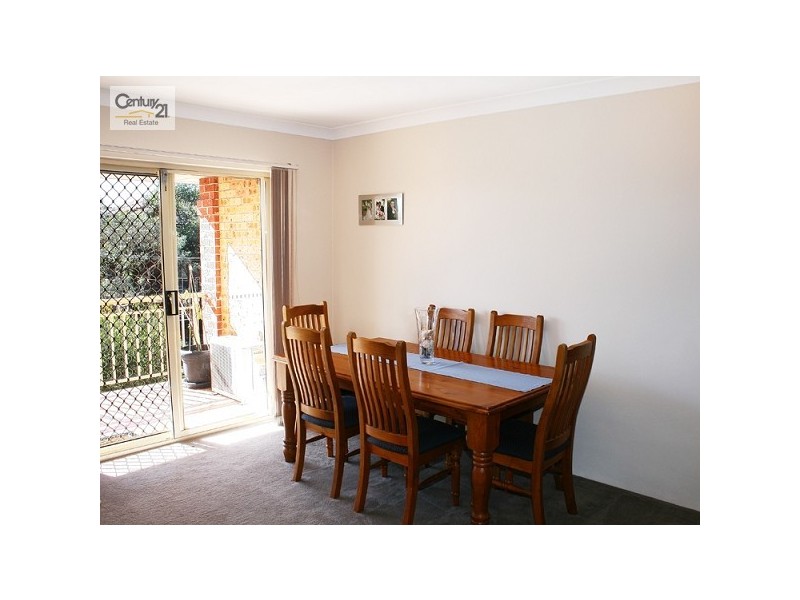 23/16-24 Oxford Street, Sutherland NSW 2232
---
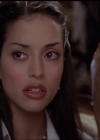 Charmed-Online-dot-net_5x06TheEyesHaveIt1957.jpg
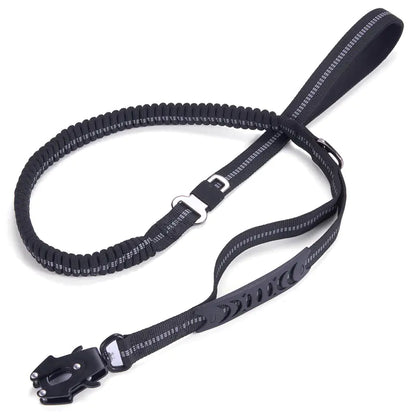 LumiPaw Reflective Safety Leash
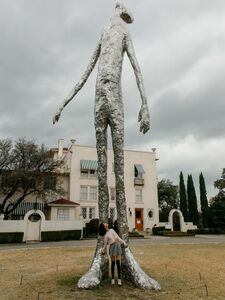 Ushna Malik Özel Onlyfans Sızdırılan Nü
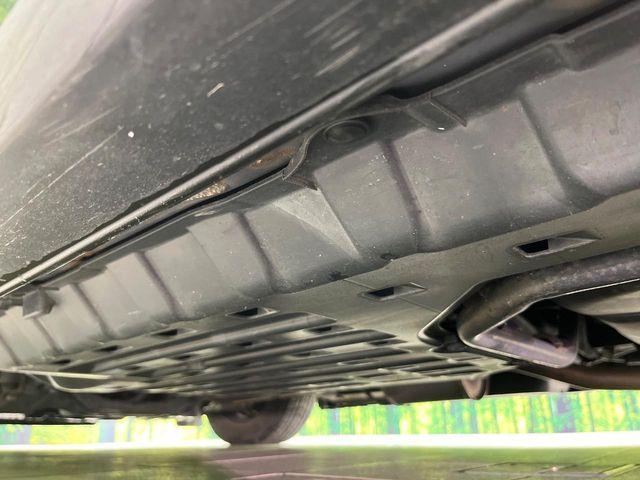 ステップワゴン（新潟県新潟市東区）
---
Only one stretch of the material above is wanted: the line containing "Ushna Malik Özel Onlyfans Sızdırılan Nü" through the line containing "ステップワゴン（新潟県新潟市東区）". Restate it word for word, minus the pictures.

Exercise result -
 Ushna Malik Özel Onlyfans Sızdırılan Nü
 ステップワゴン（新潟県新潟市東区）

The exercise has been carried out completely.